━━ Source data

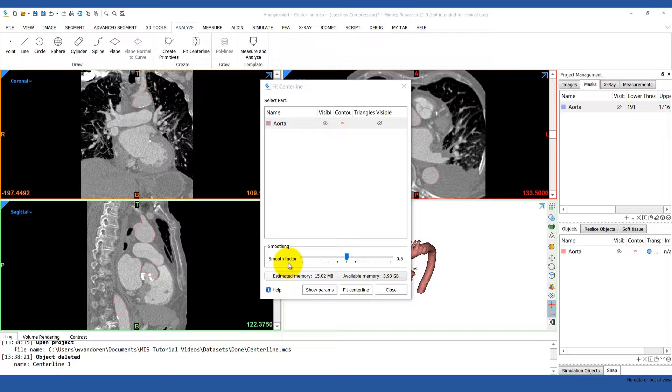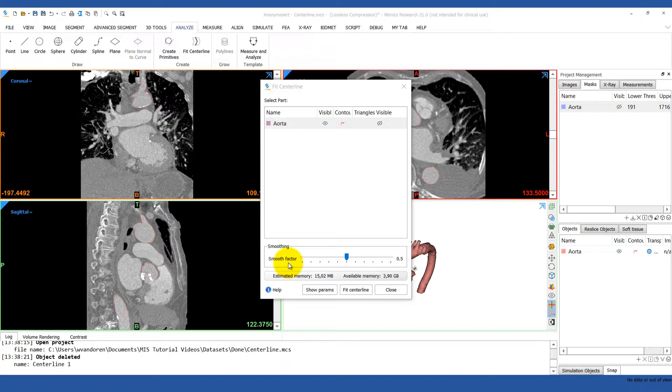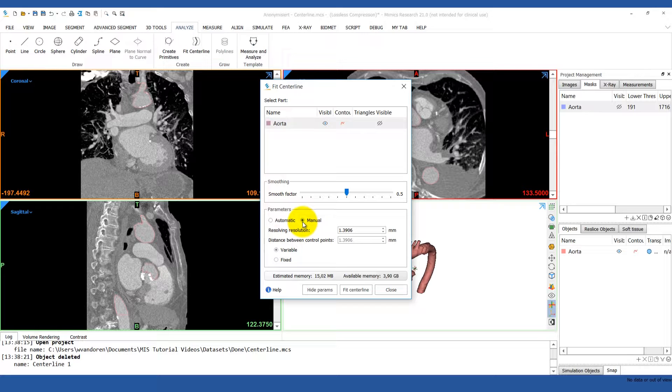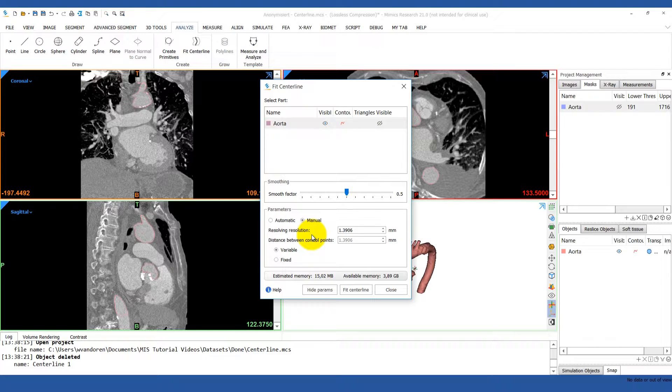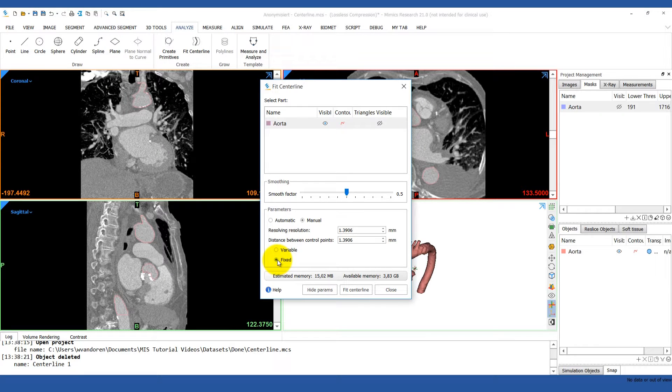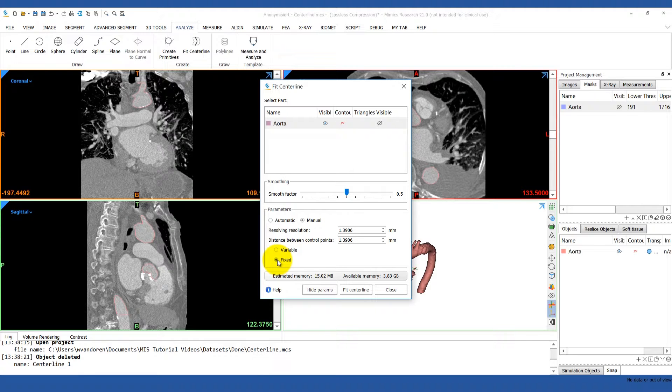There are also two advanced parameters that you can adjust by hitting the Show Parameters button. Resolving resolution indicates the size of the tubular structure that can be recognized by the algorithm. So a smaller resolution results in a smaller diameter of the structure. By default, this parameter is automatically set to two times the pixel spacing of your images. You'll find that works just fine most of the time. Distance between control points sets the distance between two adjacent control points, between which the centerline will be interpolated. Again, this is set automatically but you can manually change it to a fixed distance if desired.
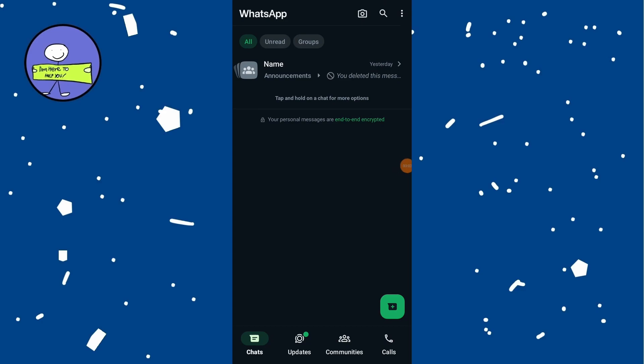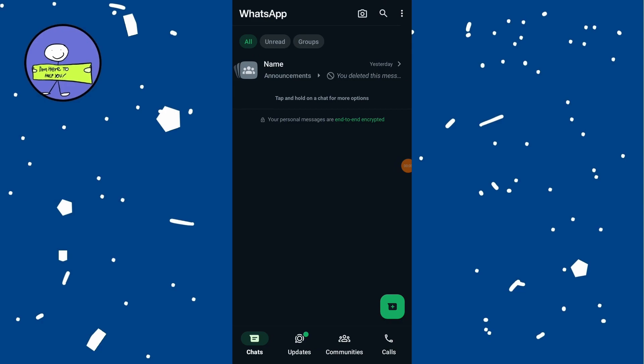In today's video, learn how to send messages to multiple contacts on WhatsApp at once. Launch the WhatsApp application on your phone. On iPhone, tap on the new chat button, which is the blue plus icon at the top right corner of the screen.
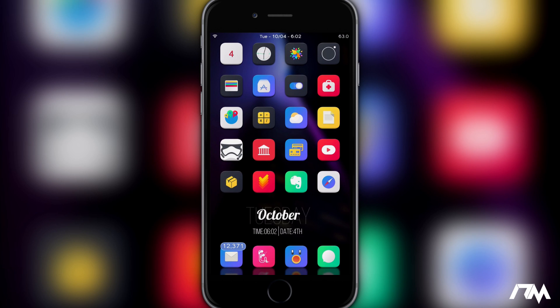Hey what is up guys, Jeremy here and welcome back to another video. We're taking a look at a really cool tweak from Cydia. It's called Sonus.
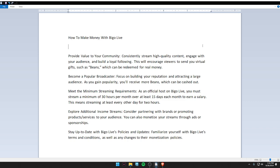Fourth, explore additional income streams. Fifth, stay up to date with Bigo Live policy and updates. Familiarize yourself with Bigo Live's terms and conditions as well as any changes to their monetization policies.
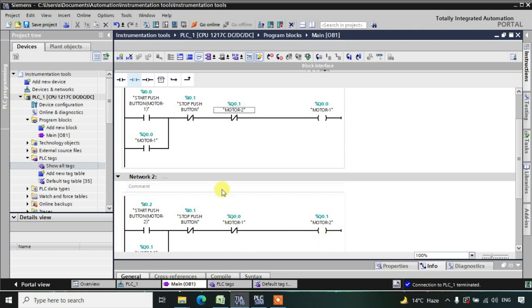Now the condition is: whenever any one of the motors is in high state, we need to stop it first and then only we can turn on the other motor.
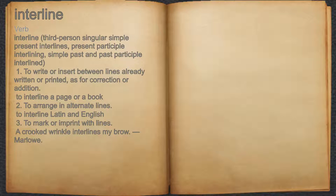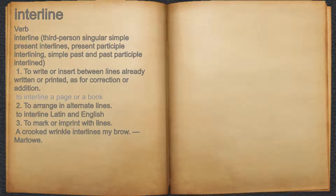Interline. Verb. 1. To write or insert between lines already written or printed, as for correction or addition. For example, to interline a page or a book.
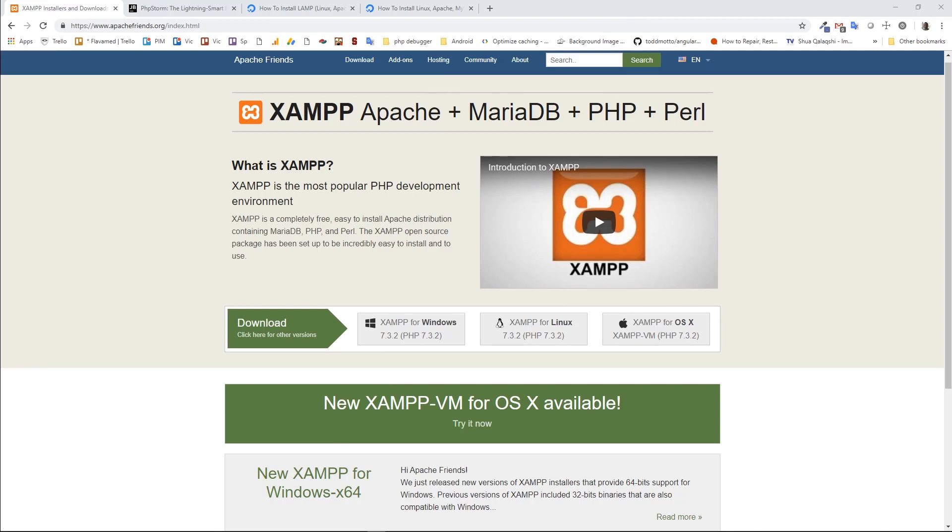Hello guys, how are you? This is Zoram, and today we're going to set up working environment for PHP. We're going to install XAMPP, which is a package of Apache plus MariaDB database plus PHP.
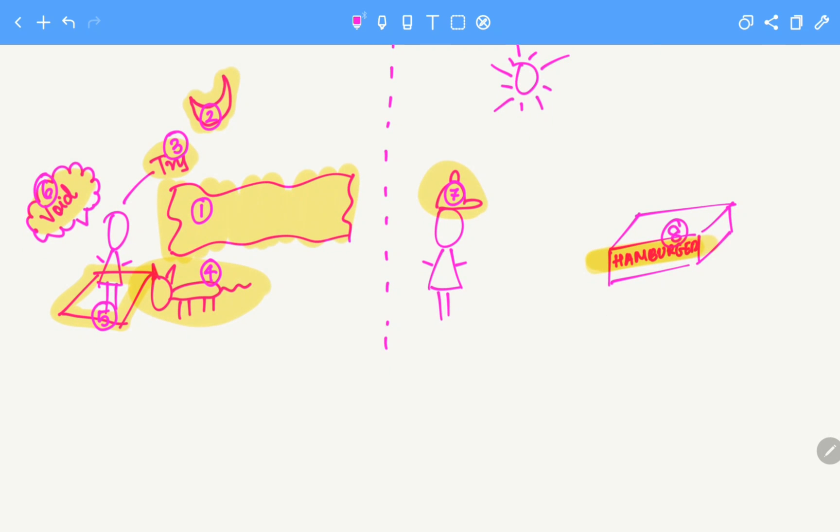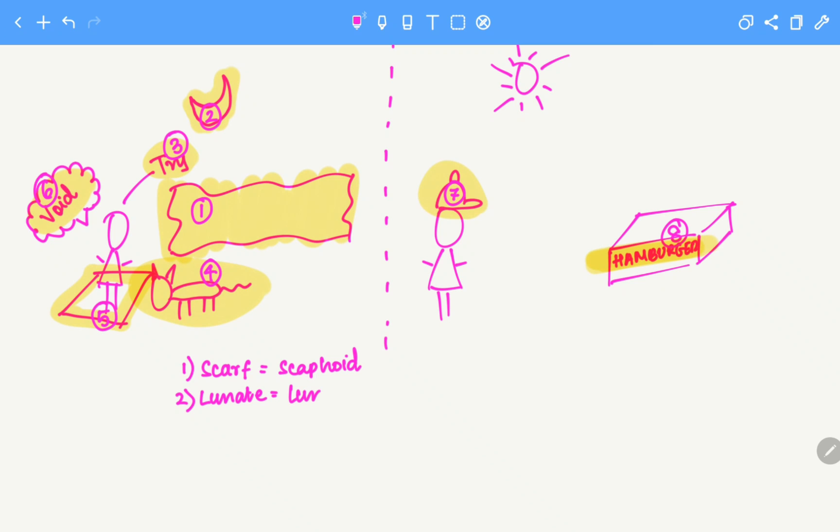One is scarf, which is scaphoid. Two, lunate, which is lunate itself. Three, she's trying to catch the scarf, so it's tri, which is triquetral.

━━━━

## Work to be completed
Beginning with the line that contains "In today's video, learn" and ending with the final line of the entries, every line must be copied exactly; the pictures must not.

## Reply to the task
In today's video, learn how to send messages to multiple contacts on WhatsApp at once. Launch the WhatsApp application on your phone. On iPhone, tap on the new chat button, which is the blue plus icon at the top right corner of the screen.
Hey what is up guys, Jeremy here and welcome back to another video. We're taking a look at a really cool tweak from Cydia. It's called Sonus.
Fourth, explore additional income streams. Fifth, stay up to date with Bigo Live policy and updates. Familiarize yourself with Bigo Live's terms and conditions as well as any changes to their monetization policies.
Now the condition is: whenever any one of the motors is in high state, we need to stop it first and then only we can turn on the other motor.
Interline. Verb. 1. To write or insert between lines already written or printed, as for correction or addition. For example, to interline a page or a book.
Hello guys, how are you? This is Zoram, and today we're going to set up working environment for PHP. We're going to install XAMPP, which is a package of Apache plus MariaDB database plus PHP.
One is scarf, which is scaphoid. Two, lunate, which is lunate itself. Three, she's trying to catch the scarf, so it's tri, which is triquetral.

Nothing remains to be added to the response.